Source: https://www.indianeconomy.net/splclassroom/what-is-deficit-financing- what-are-the-different-types-of-deficits-in-the-budget/
3. Consider the following statements regarding options:
(1) Under call options, the option writer has the obligation to buy the underlying asset at the specified price
(2) Under call options, the option holder has the right to buy the underlying asset at the specified price.
(3) Under the put options, option seller has the obligation to sell the underlying asset at the specified price
Which of the statements given above is/are correct?
(a) 1 and 2 only
(b) 2 only
(c) 1 and 3 only
(d) 1, 2 and 3
Answer: (b) Explanation: Under Call options, the option writer/option seller has the obligation to sell the underlying asset (to the option holder) at the specified price. Thus statement 1 is incorrect. Under call options, the option holder/option buyer has the right to buy the underlying asset at the specified price. Thus statement 2 is correct.
Under the Put options, option seller/option writer has the obligation to buy the underlying asset (from the option holder) at the specified price. Thus statement 3 is also incorrect.
Source: https://www.investopedia.com/terms/c/calloption.asp
4. Consider the following statements:
(1) The Indian Strategic Petroleum Reserve (ISPR) is an emergency fuel store of total 5 MMT (million metric tons) of strategic crude oil enough to provide 10 days of consumption.

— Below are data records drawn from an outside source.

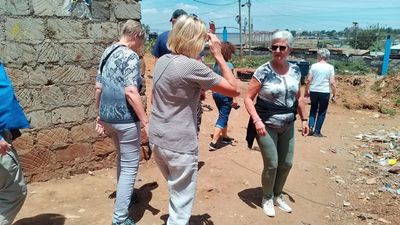Nairobi:Giraffes Feeding Experience At Giraffes Centre And Kibera Slum Excursion. - Image - 8219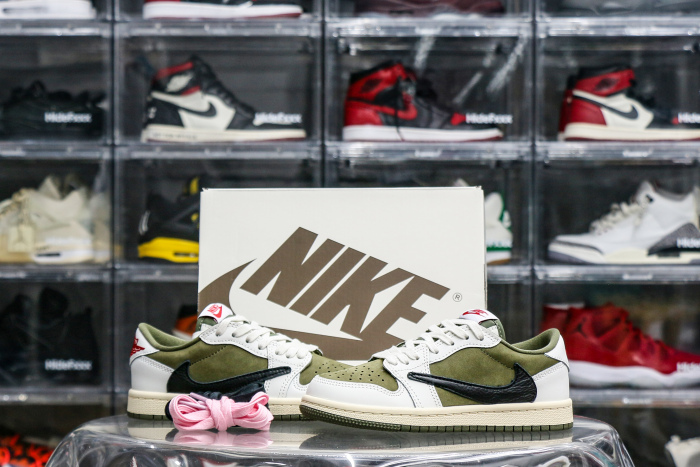 Travis Scott x Jordan 1 Retro Low  'Reverse Olive / Medium Olive' Kid（A1）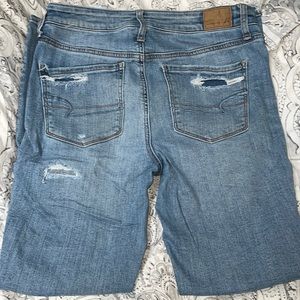 American eagle distressed skinny jean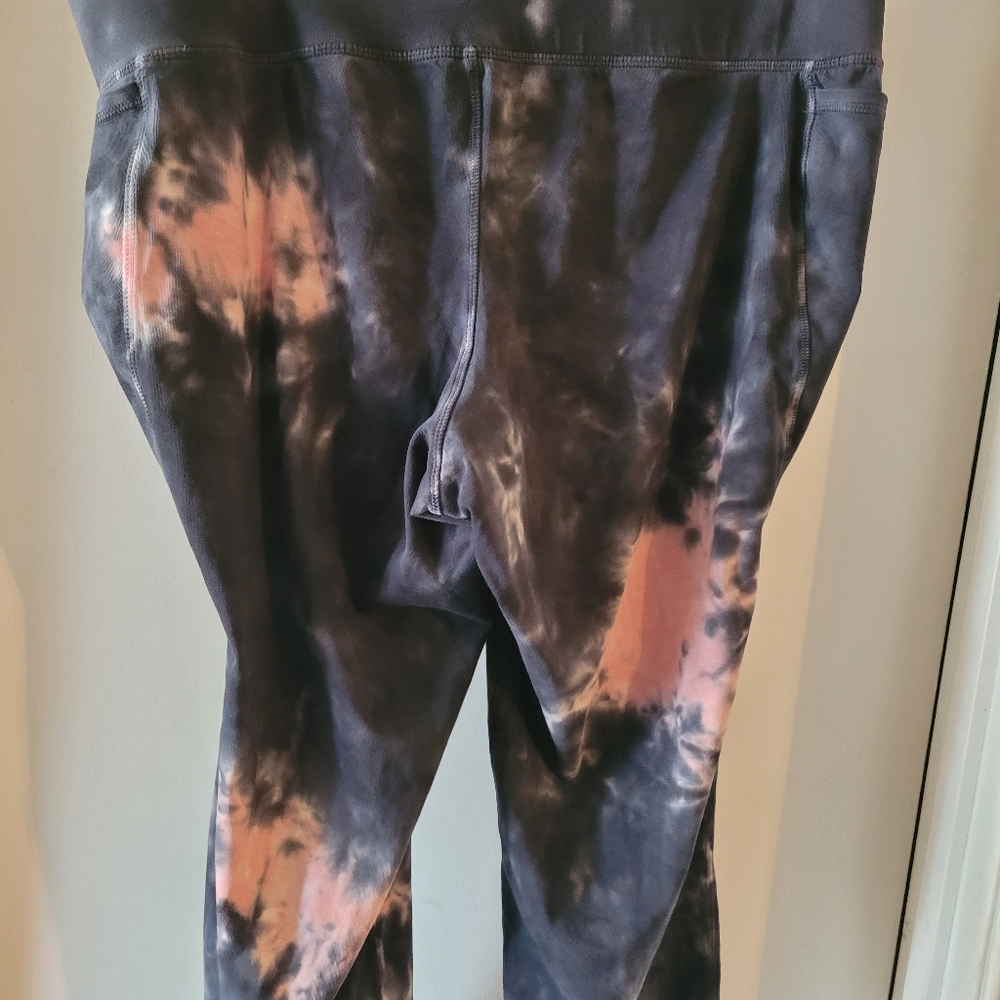 Li v i active wear - Picture 3 of 5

(2) India’s strategic crude oil storages are located at Vishakhapatnam, Mangalore and Padur, and two more will be set up in Odisha and Rajasthan as part of the second phase.
Which of the statements given above is/are correct?
(a) 1 only
(b) 2 only
(c) Both 1 and 2
(d) Neither 1 nor 2
Answer: (c) Explanation: Statement 1 is correct. The Indian Strategic Petroleum Reserve (ISPR) is an emergency fuel store of total 5 MMT (million metric tons) of strategic crude oil enough to provide 10 days of consumption. The historic first cargo of crude oil from the Abu Dhabi National Oil Company (ADNOC), destined for the Indian Strategic Petroleum Reserves Ltd (ISPRL) has been loaded and is En-route to India. Statement 2 is correct. India’s strategic crude oil storages are located at Vizag (1.33 million tonnes), Mangalore (1.5 million tonnes) and Padur (2.5 million tonnes). The reserves are maintained by the Indian Strategic Petroleum Reserves Limited. In the 2017-18 budget, it was announced that two more such caverns will be set up Chandikhole in Jajpur district of Odisha and Bikaner in Rajasthan as part of the second phase.

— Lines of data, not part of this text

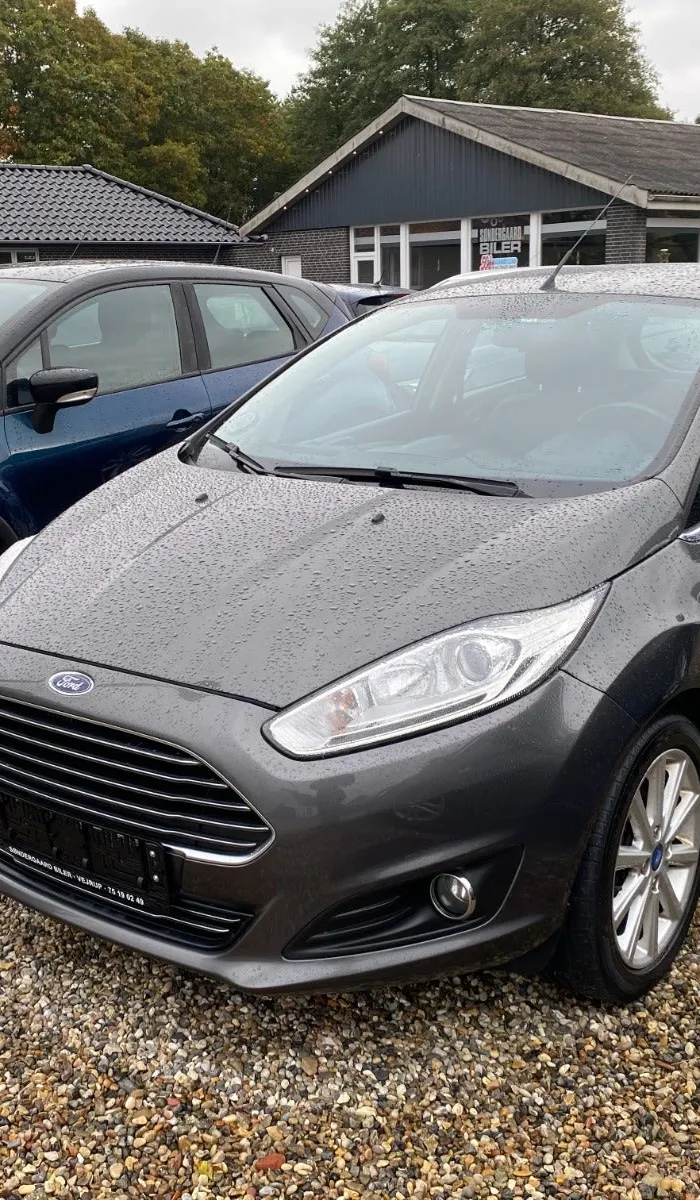 Grå Ford Fiesta SCTi 125 Titanium 1,0 benzin, set skråt forfra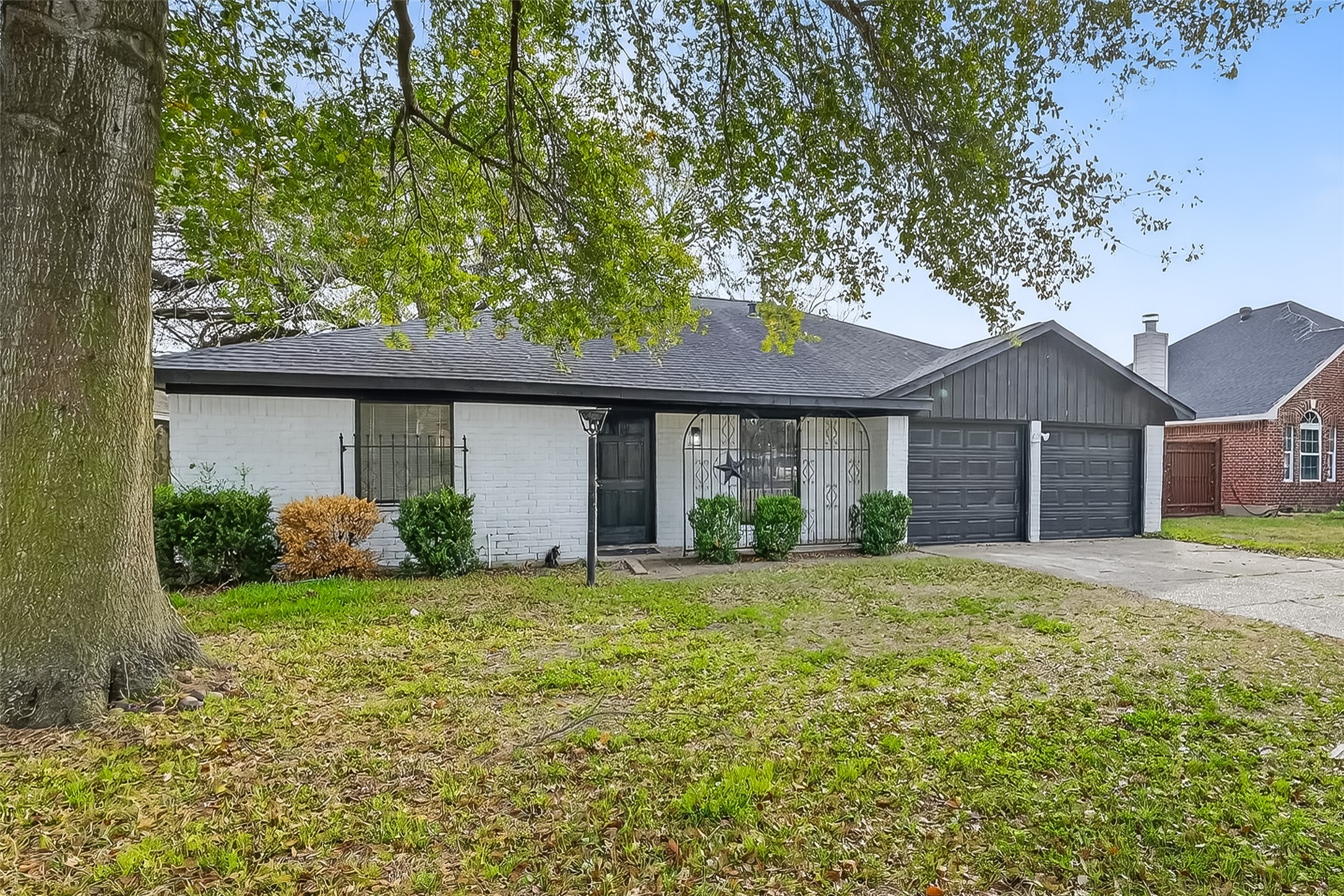 11107 Cedarview Lane Houston, TX 77041 - Photo 3 of 39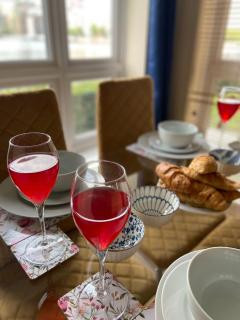 Beautiful 2 bed waterfront apartment with parking perfect for Canary Wharf - 2 bed 2 bath apartment with High speed WIFI and Netflix and parking - Londra - 7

Source: Economic Growth and Development; page-79.
5. Which of the following does not include liberalization of foreign trade for any country?

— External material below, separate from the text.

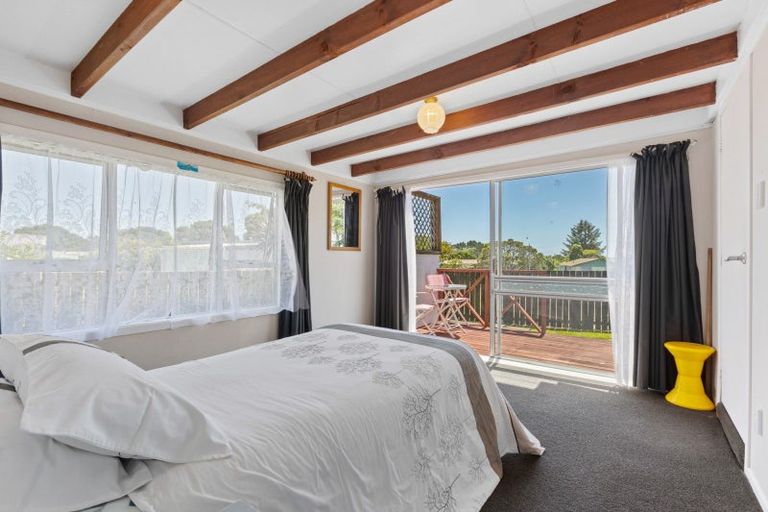 Photo of property in 5 Newbury Place, Waitara, 4320
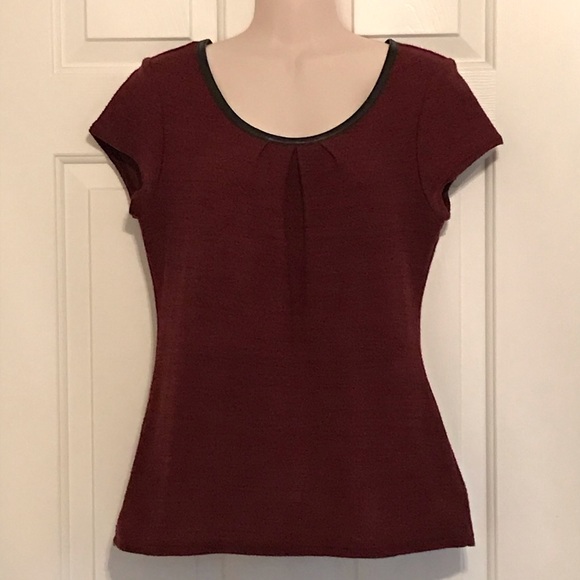 Burgundy tweed faux leather trim cap sleeve top - Picture 2 of 4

(1) Domestic content requirements
(2) Removal of custom duties
(3) Removal of excise duties
(4) Easing up of trade sanctions
Select the correct answer using the code given below:
(a) 1 and 3 only
(b) 2 and 4 only
(c) 2 and 3 only
(d) 1, 2 and 3 only
Answer: (a) Explanation: Removing barriers or restrictions set by the government is known as liberalization. Statement 1 is correct. Domestic content requirement means that some firm has to mandatorily source some percentage of its input from local sources. This will increase restrictions on import and hence does not include liberalization. Statement 2 is incorrect. Customs duties are a type of tax charged on goods from outside the country. Removal of custom duties will remove restrictions and hence is included in liberalization. Statement 3 is correct. An excise duty is a type of tax charged on goods produced within the country. Their removal will not cause liberalization as these are not related to foreign trade. Statement 4 is incorrect. Sanctions are a type of Non-tariff barrier to trade. Easing up of sanctions will lead to liberalization.